Appeal from the United States District Court for the Northern District of California, Charles R. Breyer, District Judge, Presiding.
Before KOZINSKI, KLEINFELD, and MCKEOWN, Circuit Judges.
This disposition is not appropriate for publication and may not be cited to or by the courts of this circuit except as may be provided by Ninth Circuit Rule 36-3.
Unified Dealer Group and several gasoline service station franchisees (the "Dealers") appeal the district court's summary judgment in favor of Tosco Corporation. We have jurisdiction under 28 U.S.C. § 1291 and we affirm.
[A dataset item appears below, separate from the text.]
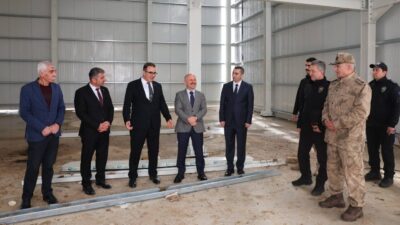 Adıyaman Valisi Osman Varol, Samsat ilçesinde incelemelerde bulundu. Samsat Kaymakamlığı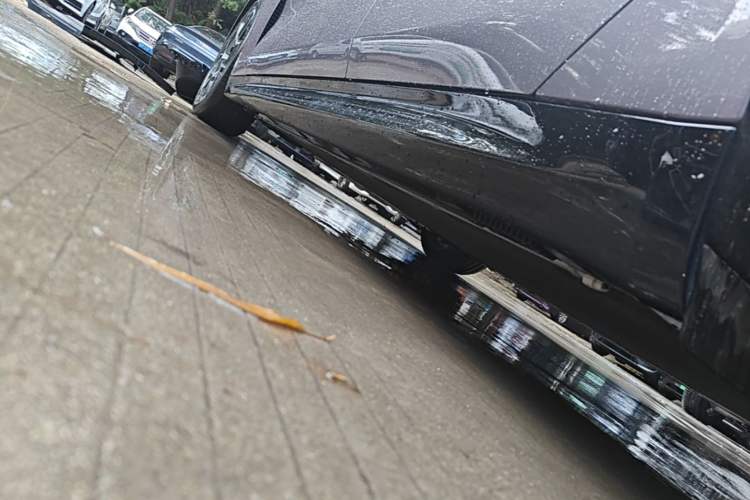 Used Xiaomi Auto SU7 2024 Rear-Drive Ultra-Long Range Advanced Pro-Level Intelligent Driving Version Left Side Sill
The Dealers contend that Tosco violated several provisions of the Petroleum Marketing Practices Act ("PMPA"), 15 U.S.C. § 2801 et seq., by offering to "rebrand" their service stations from BP to Union 76 upon the expiration of their franchises. "The PMPA plainly contemplates that franchisors will have substantial flexibility in changing the terms of a franchise upon renewal." Valentine v. Mobil Oil Corp., 789 F.2d 1388, 1391 (9th Cir.1986). Tosco's decision to rebrand appellants' stations constituted a "change or addition" to the franchise that fell squarely within § 2802(b)(3)(A). The Dealers do not challenge the district court's finding that Tosco's decision to rebrand the stations was made in good faith and in the normal course of business. Thus, the Dealers' refusal to agree to the rebrand relieved Tosco of any obligation to renew the franchise relationship. Because Tosco sought to continue the franchise relationship by offering new franchises, albeit under the 76 mark, the Dealers were not entitled to purchase rights under § 2802(b)(3)(D). See Valentine, 789 F.2d at 1390-91.
The Dealers' remaining arguments relating to §§ 2802(b)(2)(C), 2802(b)(2)(E), and 2802(c)(6), as well as their implied covenant of good faith and fair dealing claim, are without merit.